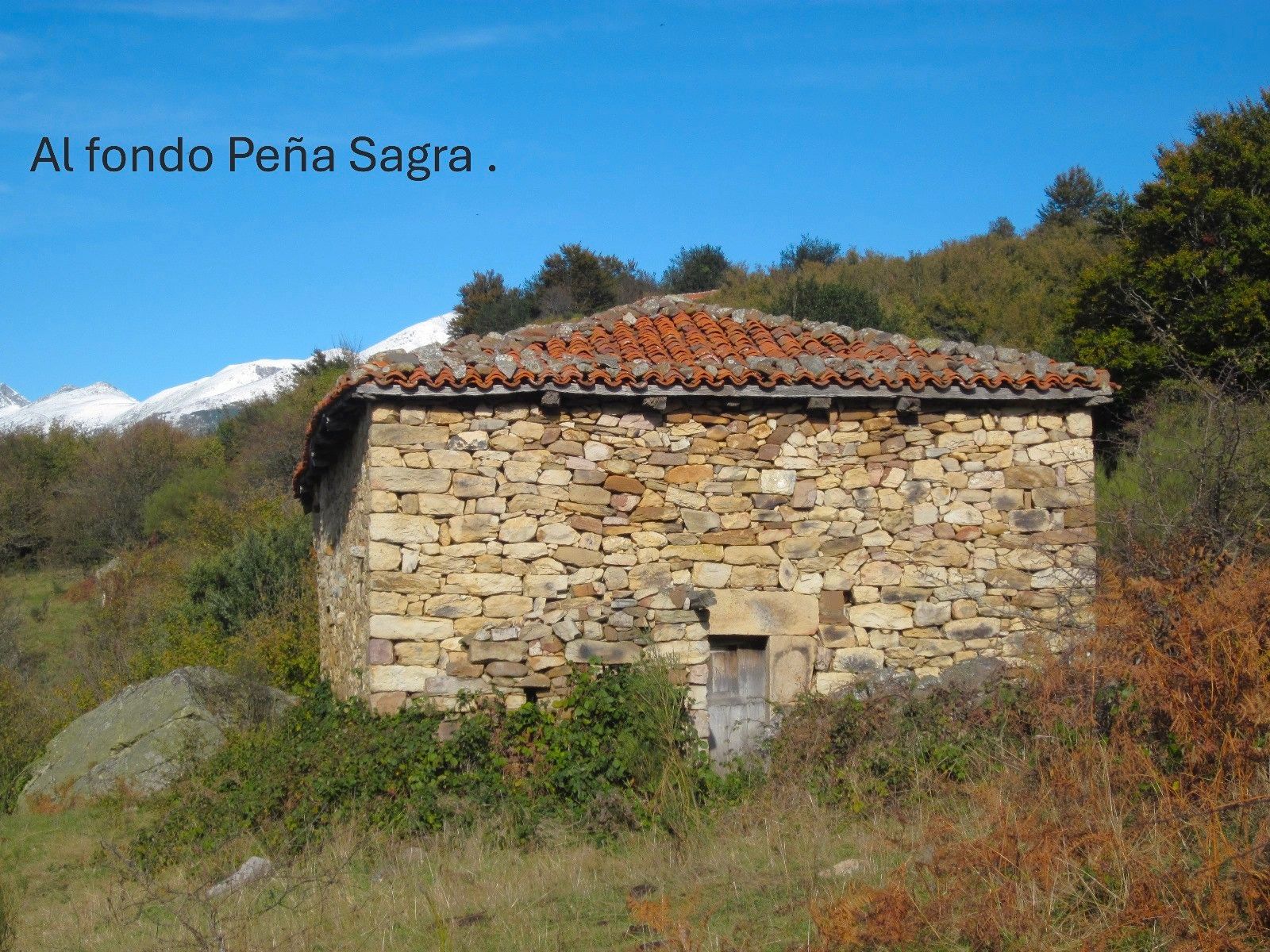 Casa o xalet en venda a Barrio Uznayo, Polaciones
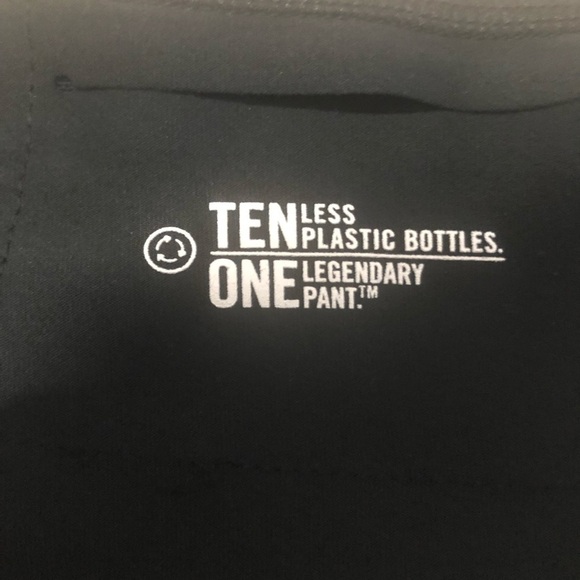 NIKE NWT DriFIT Training Crop / Clam Diggers in Black - Picture 8 of 8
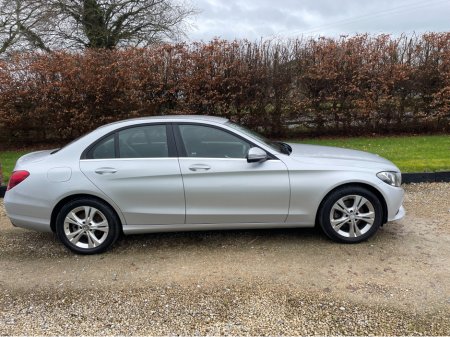 2016 Mercedes-Benz C Class - thumbnail 4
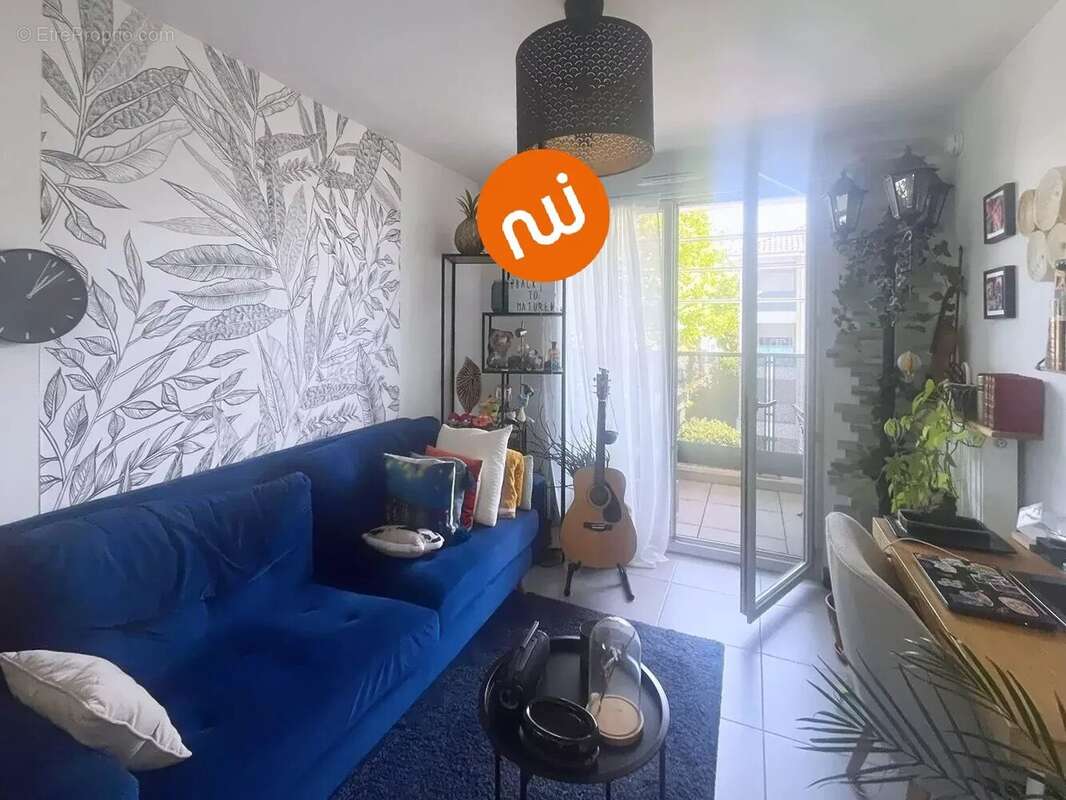 CRAPONNE - T2 avec garage et balcon - photo 2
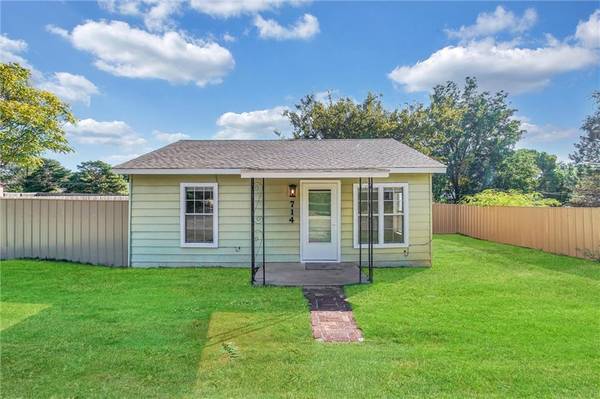 714 S State Avenue, Elk City, OK 73644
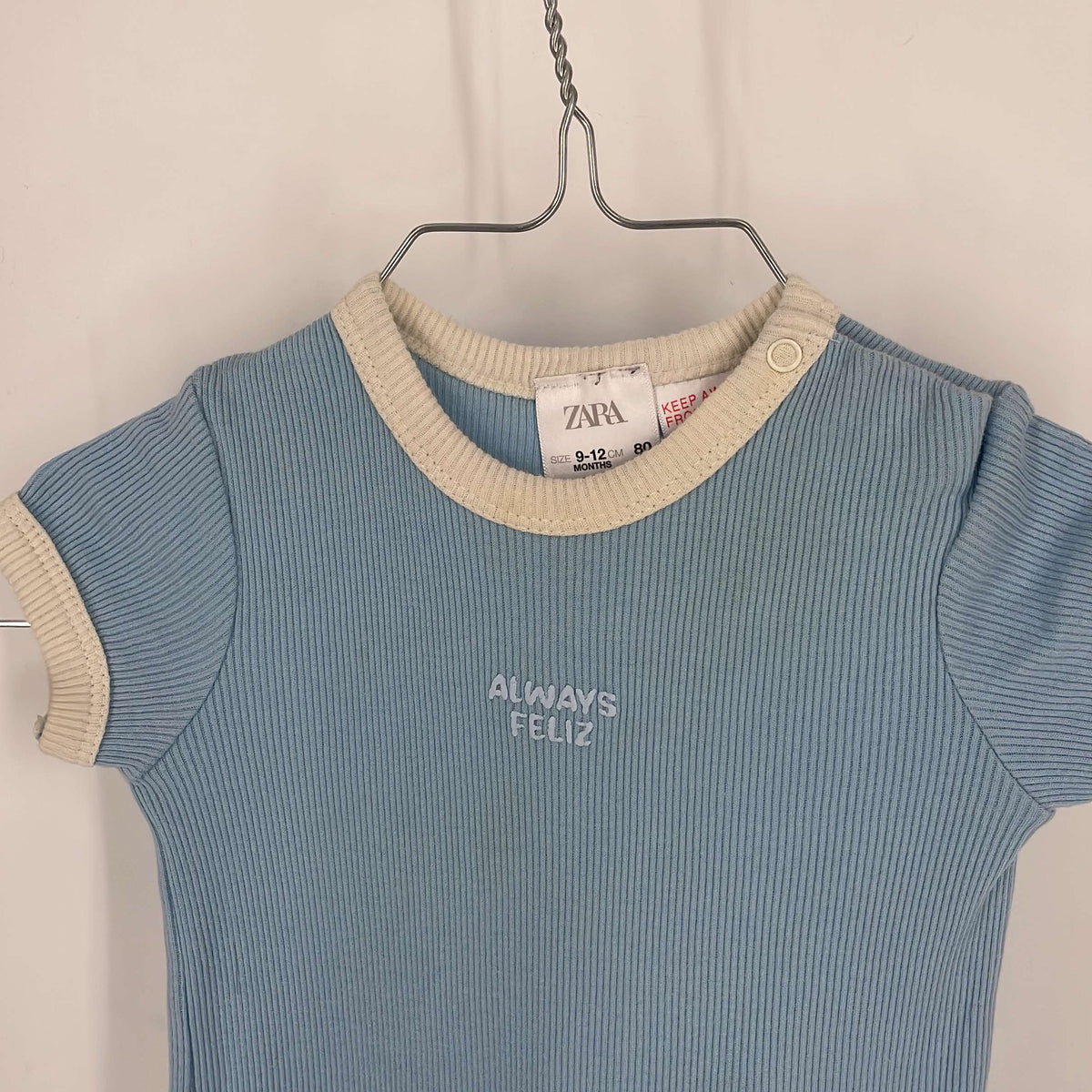 1-Short Zara Kids 9-12 Mois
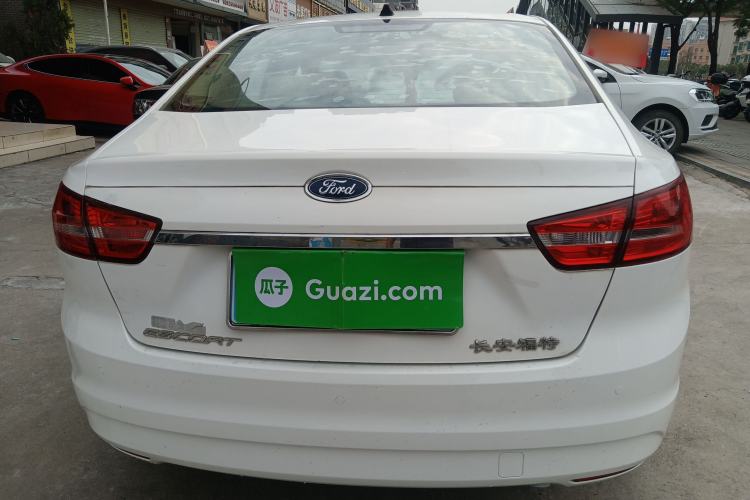 Used Ford Escort 2015 1.5L Automatic Fashion Model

**Instructions for the task:** Retype the data word for word, please, and keep the images out.

**Response:**
 Casa o xalet en venda a Barrio Uznayo, Polaciones
 NIKE NWT DriFIT Training Crop / Clam Diggers in Black - Picture 8 of 8
 2016 Mercedes-Benz C Class - thumbnail 4
 CRAPONNE - T2 avec garage et balcon - photo 2
 714 S State Avenue, Elk City, OK 73644
 1-Short Zara Kids 9-12 Mois
 Used Ford Escort 2015 1.5L Automatic Fashion Model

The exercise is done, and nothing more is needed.